Columbia Banking System expects loan growth in the low- or mid-single digits this year, executives said Tuesday.
A higher net interest margin coupled with strong production in the bank’s commercial real estate, consumer and industrial loan portfolios are expected to beef up outstanding loans at the Tacoma, Wash.-based bank.
“Our bankers are seeing lots of opportunities, and it’s just a matter of which ones make the most sense to put on the balance sheet,” said Aaron Deer, Columbia’s chief financial officer, on a call with analysts.
In the fourth quarter, total loans declined 0.7% from the previous quarter, in part because of higher customer paydowns. Loans were up 9% from a year earlier.
The loan-growth projections are for Columbia only, before its merger with Umpqua, which is set for next month.
Columbia expects to realize $135 million in cost savings from its merger with Umpqua Holdings in several stages. Some of those savings are anticipated shortly after the deal closes. Others could take between 30 and 60 days to materialize, executives said. The full amount of savings will be realized by the end of the third quarter.
The bank also announced Feb. 28 as the closing day for its long-awaited $5 billion merger with Umpqua. Columbia said that last weekend it completed the first of the 10 branch divestitures required by the Department of Justice, with the next divestiture planned for next month. The bank still expects to perform its systems conversion with Umpqua in March.
The systems conversion will include switching Columbia to Umpqua’s treasury management system, which provides a more sophisticated and broader product set than Columbia’s existing system, executives said.
Columbia said it recently completed a mock systems conversion, which went well.

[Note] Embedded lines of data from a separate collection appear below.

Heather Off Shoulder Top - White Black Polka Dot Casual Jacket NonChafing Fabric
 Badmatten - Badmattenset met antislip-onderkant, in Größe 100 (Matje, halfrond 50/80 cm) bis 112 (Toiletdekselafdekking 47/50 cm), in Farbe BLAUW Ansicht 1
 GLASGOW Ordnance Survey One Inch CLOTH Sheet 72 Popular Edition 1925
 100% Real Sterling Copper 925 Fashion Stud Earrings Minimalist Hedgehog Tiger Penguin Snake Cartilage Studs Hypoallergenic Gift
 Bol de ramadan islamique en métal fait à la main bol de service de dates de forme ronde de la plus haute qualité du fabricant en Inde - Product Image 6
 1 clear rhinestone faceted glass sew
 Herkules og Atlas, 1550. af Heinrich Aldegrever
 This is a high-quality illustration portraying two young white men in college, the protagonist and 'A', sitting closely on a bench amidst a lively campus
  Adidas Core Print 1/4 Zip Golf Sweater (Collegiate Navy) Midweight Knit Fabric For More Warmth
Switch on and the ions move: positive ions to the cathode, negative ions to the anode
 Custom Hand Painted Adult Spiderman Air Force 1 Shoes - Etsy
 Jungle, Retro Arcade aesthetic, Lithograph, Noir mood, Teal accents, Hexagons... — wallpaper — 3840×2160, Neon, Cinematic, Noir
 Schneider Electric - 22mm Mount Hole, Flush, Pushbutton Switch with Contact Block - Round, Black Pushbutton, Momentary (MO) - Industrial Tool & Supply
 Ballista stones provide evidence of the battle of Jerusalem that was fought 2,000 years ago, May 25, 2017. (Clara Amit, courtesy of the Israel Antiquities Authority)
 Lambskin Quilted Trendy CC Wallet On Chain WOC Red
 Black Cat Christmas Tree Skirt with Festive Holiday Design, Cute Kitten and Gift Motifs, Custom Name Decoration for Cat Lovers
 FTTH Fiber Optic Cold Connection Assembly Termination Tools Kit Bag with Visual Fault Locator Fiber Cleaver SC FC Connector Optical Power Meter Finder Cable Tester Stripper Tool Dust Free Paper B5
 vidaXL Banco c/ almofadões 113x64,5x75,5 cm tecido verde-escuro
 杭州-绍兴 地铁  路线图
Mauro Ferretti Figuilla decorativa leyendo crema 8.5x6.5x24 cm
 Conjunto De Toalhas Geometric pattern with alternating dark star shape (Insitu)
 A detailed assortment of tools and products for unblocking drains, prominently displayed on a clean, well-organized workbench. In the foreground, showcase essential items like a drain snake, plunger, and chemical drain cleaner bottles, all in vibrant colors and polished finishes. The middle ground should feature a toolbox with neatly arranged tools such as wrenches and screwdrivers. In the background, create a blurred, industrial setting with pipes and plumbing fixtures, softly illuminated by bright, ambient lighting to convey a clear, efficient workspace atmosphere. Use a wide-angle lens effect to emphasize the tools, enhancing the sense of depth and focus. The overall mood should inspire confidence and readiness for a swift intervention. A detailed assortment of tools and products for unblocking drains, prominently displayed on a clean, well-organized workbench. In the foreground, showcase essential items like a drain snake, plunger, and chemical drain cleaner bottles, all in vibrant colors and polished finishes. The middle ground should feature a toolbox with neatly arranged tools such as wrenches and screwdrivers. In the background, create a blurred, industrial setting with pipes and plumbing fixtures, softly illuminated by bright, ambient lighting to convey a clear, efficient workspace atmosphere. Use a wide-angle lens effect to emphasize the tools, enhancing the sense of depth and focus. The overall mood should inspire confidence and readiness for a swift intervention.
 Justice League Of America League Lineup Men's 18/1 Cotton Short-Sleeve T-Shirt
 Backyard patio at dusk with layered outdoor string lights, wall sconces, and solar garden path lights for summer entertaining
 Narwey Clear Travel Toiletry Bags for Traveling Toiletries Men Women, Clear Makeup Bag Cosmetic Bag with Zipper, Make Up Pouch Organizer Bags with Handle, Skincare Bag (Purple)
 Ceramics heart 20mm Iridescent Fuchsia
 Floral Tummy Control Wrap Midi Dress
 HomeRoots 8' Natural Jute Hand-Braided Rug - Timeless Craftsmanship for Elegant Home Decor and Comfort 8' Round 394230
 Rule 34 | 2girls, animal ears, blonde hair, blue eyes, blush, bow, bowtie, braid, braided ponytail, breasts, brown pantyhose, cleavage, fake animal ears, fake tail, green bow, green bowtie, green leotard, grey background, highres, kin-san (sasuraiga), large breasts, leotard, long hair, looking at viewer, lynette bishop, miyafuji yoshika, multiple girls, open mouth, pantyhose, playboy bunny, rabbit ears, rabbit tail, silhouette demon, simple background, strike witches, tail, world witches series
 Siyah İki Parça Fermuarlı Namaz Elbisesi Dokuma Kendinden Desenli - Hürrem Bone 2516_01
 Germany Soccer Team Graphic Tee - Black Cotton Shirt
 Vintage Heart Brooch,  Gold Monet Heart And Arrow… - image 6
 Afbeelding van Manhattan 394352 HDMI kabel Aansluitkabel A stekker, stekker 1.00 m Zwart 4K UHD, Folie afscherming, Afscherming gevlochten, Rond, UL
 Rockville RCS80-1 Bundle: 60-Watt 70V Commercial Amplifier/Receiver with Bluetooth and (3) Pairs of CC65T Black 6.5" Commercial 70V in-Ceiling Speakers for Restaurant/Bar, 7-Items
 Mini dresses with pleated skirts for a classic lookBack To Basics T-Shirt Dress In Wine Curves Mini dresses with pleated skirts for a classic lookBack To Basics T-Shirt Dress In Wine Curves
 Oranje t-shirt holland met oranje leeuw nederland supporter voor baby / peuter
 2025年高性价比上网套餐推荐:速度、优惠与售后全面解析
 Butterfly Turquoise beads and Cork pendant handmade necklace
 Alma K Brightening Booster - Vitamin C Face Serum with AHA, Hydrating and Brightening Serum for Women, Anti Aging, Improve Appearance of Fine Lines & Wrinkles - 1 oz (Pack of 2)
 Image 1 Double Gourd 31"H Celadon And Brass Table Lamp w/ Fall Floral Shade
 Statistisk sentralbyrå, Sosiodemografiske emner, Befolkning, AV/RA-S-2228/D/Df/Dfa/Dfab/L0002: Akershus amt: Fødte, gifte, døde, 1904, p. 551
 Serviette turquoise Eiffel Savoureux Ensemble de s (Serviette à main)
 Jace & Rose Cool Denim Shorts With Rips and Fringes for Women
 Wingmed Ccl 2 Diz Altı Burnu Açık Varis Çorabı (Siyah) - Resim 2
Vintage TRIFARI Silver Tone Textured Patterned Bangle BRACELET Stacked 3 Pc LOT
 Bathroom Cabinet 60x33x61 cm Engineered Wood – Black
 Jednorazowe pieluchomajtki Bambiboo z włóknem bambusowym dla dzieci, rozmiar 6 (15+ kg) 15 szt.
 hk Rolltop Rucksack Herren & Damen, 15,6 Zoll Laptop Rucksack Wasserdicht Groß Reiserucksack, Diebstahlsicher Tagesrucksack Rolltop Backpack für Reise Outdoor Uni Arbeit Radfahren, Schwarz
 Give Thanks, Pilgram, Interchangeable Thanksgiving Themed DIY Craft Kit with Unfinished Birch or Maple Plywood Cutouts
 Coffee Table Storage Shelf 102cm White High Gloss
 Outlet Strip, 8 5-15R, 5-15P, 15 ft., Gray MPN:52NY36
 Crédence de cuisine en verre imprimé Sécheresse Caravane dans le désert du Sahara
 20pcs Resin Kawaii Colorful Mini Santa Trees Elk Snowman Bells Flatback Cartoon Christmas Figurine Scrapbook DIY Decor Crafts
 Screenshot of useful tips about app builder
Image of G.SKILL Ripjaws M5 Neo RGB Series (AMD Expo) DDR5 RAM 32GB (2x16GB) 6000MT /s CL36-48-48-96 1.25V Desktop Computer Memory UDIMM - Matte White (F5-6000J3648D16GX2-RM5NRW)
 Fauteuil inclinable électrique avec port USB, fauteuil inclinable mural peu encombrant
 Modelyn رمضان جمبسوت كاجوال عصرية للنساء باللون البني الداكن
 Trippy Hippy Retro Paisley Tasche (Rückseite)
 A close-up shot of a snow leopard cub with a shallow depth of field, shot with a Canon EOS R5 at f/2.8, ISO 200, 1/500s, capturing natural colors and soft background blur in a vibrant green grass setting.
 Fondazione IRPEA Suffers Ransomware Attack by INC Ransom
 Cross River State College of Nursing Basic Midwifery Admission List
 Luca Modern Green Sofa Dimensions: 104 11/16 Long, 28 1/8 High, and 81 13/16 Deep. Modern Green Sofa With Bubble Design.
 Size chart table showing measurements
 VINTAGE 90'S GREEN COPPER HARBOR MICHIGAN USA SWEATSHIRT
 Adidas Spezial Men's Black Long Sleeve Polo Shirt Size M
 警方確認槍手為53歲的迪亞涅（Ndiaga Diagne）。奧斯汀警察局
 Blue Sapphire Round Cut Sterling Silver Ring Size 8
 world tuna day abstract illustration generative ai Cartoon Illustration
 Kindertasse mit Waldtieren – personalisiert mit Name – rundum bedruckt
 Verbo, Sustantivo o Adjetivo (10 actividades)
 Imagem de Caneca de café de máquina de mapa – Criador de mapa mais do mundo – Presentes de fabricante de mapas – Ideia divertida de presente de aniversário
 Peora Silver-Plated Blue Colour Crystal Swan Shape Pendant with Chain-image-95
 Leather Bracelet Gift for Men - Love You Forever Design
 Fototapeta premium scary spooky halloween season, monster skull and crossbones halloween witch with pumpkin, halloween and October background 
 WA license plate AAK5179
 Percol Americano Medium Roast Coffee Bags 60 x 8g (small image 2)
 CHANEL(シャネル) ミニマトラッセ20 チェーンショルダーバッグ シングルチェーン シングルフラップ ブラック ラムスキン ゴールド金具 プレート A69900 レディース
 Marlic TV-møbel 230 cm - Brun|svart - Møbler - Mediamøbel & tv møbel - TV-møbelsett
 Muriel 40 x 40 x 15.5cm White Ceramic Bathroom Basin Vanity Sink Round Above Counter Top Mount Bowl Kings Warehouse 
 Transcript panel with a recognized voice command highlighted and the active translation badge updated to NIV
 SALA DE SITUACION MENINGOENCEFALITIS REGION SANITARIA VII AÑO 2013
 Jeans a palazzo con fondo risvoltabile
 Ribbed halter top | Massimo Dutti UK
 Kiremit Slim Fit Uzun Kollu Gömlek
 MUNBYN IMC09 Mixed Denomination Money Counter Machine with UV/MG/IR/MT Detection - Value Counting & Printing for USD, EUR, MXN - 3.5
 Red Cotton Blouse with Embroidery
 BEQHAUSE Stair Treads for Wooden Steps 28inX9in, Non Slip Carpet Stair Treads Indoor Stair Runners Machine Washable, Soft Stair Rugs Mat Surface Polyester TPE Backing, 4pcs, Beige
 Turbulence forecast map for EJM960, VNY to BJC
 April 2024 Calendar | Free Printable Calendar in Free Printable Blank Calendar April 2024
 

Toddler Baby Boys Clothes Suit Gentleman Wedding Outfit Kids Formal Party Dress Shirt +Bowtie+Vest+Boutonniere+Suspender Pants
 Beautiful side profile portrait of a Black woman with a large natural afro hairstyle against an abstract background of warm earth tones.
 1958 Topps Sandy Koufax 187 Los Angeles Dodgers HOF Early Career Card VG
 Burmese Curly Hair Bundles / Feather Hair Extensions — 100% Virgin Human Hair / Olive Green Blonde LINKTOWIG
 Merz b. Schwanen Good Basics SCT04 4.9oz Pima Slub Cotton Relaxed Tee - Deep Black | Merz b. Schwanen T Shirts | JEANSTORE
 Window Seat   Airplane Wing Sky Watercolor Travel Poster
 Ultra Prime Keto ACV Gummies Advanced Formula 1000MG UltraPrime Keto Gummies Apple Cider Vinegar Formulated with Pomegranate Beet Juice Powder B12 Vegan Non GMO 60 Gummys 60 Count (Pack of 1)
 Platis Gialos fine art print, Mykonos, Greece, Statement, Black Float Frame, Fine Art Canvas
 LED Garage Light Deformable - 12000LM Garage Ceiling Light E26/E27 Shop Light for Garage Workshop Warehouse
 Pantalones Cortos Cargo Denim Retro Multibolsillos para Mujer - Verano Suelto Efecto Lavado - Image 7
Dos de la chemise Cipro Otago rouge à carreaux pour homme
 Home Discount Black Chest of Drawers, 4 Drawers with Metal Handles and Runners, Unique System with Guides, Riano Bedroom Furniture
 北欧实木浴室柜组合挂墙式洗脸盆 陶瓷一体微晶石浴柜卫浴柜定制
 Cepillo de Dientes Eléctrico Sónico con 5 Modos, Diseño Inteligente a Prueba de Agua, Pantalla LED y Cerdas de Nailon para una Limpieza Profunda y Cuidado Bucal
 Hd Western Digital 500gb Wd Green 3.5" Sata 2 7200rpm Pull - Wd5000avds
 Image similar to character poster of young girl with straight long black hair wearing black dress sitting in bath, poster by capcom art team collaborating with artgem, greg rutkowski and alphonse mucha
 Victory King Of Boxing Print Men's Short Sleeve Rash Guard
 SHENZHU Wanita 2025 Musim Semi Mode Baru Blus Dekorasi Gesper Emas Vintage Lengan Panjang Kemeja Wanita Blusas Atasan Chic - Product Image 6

“We’ll try to minimize the amount of moving parts at the critical moment of conversion and integration,” said Chris Merrywell, Columbia’s chief operating officer. “We’ll be able to quickly pivot in the back half of the year to look at things that neither bank has and things that might give us a long-term advantage.”
The Federal Deposit Insurance Corp. approved Columbia’s acquisition of Umpqua earlier this month; it was the final approval needed from state and federal regulators. The deal, first announced in 2021, is expected to create a Pacific Northwest bank with more than $52 billion of assets and $45 billion of deposits. Columbia will have a network spread across seven states: Washington, Oregon, California, Idaho, Nevada, Utah and Arizona.
Columbia, the acquirer and the smaller of the two banks, plans to combine its commercial banking expertise with Umpqua’s well-known consumer brand. The bank itself will operate as Umpqua Bank, with headquarters in Lake Oswego, Ore., while the holding company will operate as Columbia Banking System in Tacoma, Wash.
In the fourth quarter of 2022, Columbia posted a profit of almost $69 million, a 61% increase from a year earlier. In its final quarter reporting stand-alone results, Umpqua recorded profit of $83 million, a 6% decrease from a year earlier.
Umpqua’s management noted an increase in net charge-offs in the fintech transportation segment of its portfolio. Fintechs account for about 6% of the bank’s consolidated loans and remain the most profitable segment of its portfolio. Umpqua said it doesn’t see associated weaknesses in its overall portfolio.
The bank also said it had made a series of changes to its mortgage business designed to reduce expenses and slow the growth of mortgages it holds in its portfolio.
“This does not mean we’re pulling out of mortgage,” said Tory Nixon, Umpqua’s president. “Mortgage has been a big part of this bank as long as I’ve been here and longer than that.”